Воронковы могут обществу причинить — и, увы, причиняют — немалый ущерб, но они не в состоянии ни омрачить нашу жизнь, ни замедлить поступь истории. Пена, как бы грязна она ни была, всегда только пена, отравить чистый источник ей не дано.
1980
Что добавить к этому очерку? Читательская поддержка была полной, единодушной, решительной. В огромной почте не нашлось ни одного письма, где необходимость публичного осуждения нравственной деформации перевертышей, их общественной опасности, чужеродности их всему строю нашей жизни подверглась бы какому-либо сомнению. «Будем все вместе, рука об руку, бороться с этой гнилью!» — так закончил свое письмо ветеран войны и труда, потомственный ленинградский рабочий Илья Афанасьевич Лисаченко, и та же мысль повторялась в сотнях других — страстных, непримиримых, берущих за душу — писем.

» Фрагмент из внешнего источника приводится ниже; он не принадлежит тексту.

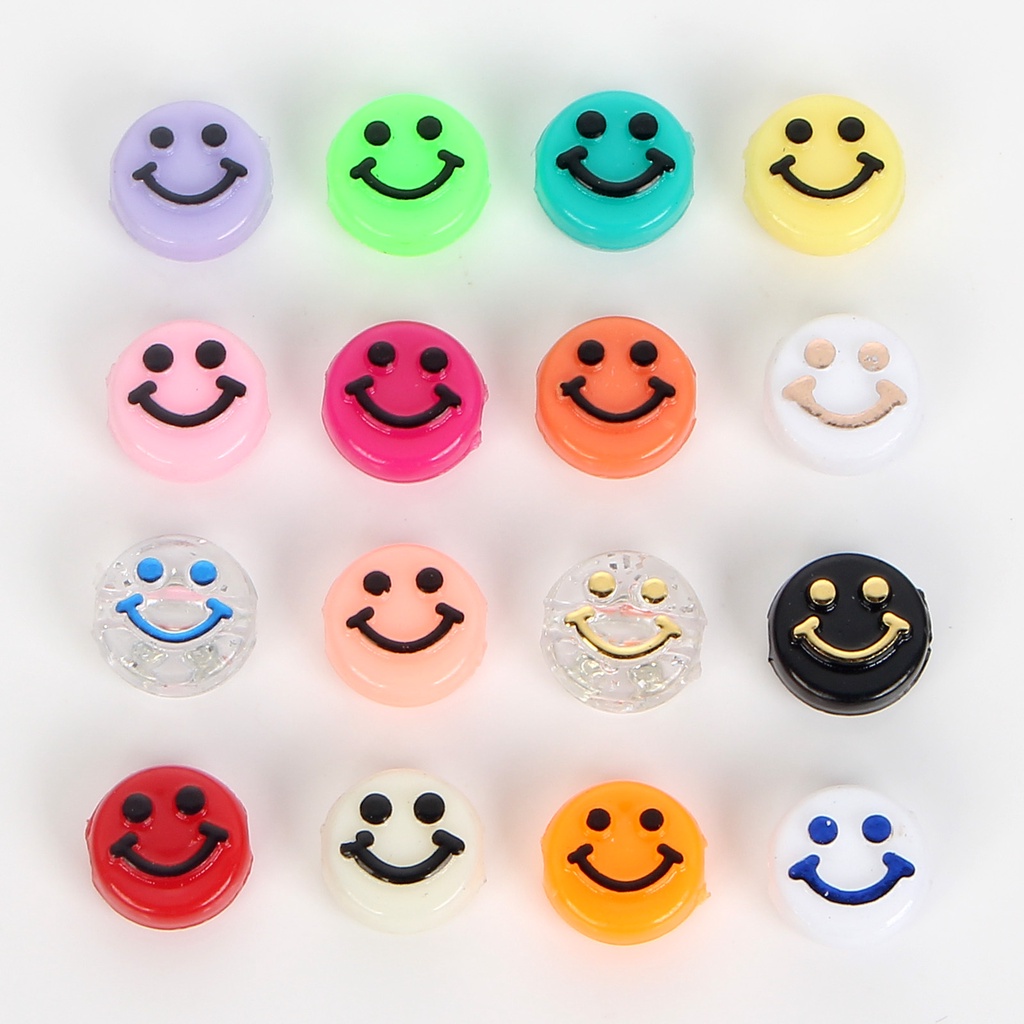Set 40 hạt nhựa 10mm họa tiết mặt cười dùng để làm đồ trang sức thủ công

Очерк «Ширма» имел большой резонанс в мировой печати. Многие зарубежные газеты перепечатали отрывки из него или достаточно подробно изложили содержание. Но любителям сенсаций не нашлось, к большому их сожалению, чем поживиться. «Похоже, что Москва на деле, а не на словах решила бороться с коррупцией», — растерянно констатировала английская «Дейли телеграф». Московский корреспондент лондонской газеты «Таймс» Майкл Бинион с удивлением сообщал, что, «как оказалось», пост и «былые заслуги» не спасли сочинского мэра от сурового наказания. «Закон распространился и на него», — писал журналист о совершенно естественном, нормальном событии как о чем-то странном, непостижимом, из ряда вон выходящем. С такими же статьями выступили «Интернейшнл геральд трибюн», «Монд» и многие другие западные газеты.

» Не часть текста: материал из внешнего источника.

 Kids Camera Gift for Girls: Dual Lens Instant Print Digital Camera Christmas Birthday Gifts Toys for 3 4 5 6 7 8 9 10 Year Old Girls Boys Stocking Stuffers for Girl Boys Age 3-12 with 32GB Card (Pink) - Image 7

Что ж, можно только удивиться их удивлению. Удивиться и посочувствовать: слишком хорошо известно, сколько разоблаченных, доказанных, ставших достоянием гласности корыстных преступлений сильных мира сего остаются — «там», «у них», — безнаказанными, уходят в песок, покрываются давностью, меркнут в сиянии новых афер, более свежих, более шумных.
Ряд западных комментаторов, намекая на «робость» и «ограниченные возможности» очеркиста, не без ехидства спрашивал, отчего, мол, не названы соучастники — тот, к примеру, ответственный работник министерства, с которым Воронков «кейфовал» в финской бане, обделывая попутно свои дела. Верно, имя названо не было — по той лишь причине, что следствие по делу этого ответственного работника и его сообщников тогда еще не закончилось, суд не вынес еще приговора и, педантично следуя презумпции невиновности, я не посмел нарушить гарантированные законом права обвиняемых. Обвиняемых, но — тогда еще — не осужденных.

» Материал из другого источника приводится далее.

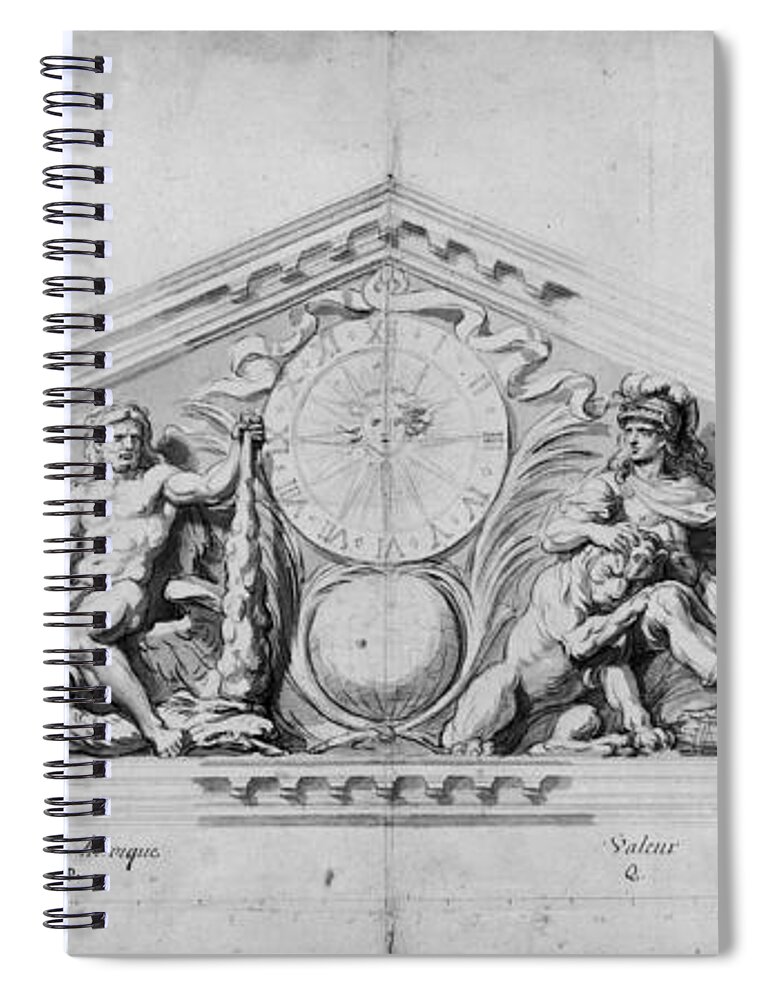 1679 Spiral Notebook featuring the drawing Versailles Pediment, 1679 by Granger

Теперь, когда и то дело давно завершилось, приговор вынесен и приведен в исполнение, я могу раскрыть неназванное имя. Речь шла о бывшем заместителе министра рыбной промышленности Рытове, который был впоследствии осужден коллегией по уголовным делам Верховного суда СССР. Это дело, достаточно хорошо известное по печати, некоторыми своими гранями соприкасалось с делом Воронкова: нравственно растленные, беспринципные скатившиеся в пропасть хапуги легко нашли друг друг и впряглись в одну упряжку.
Горькое остается чувство, горькое и тягостное, когда узнаешь подробности их потайной жизни. И однако прав, я думаю, читатель из Вологды Н. Дунаев, так передавший свои ощущения от публикации очерка «Ширма»: «Прочитал — легче стало дышать».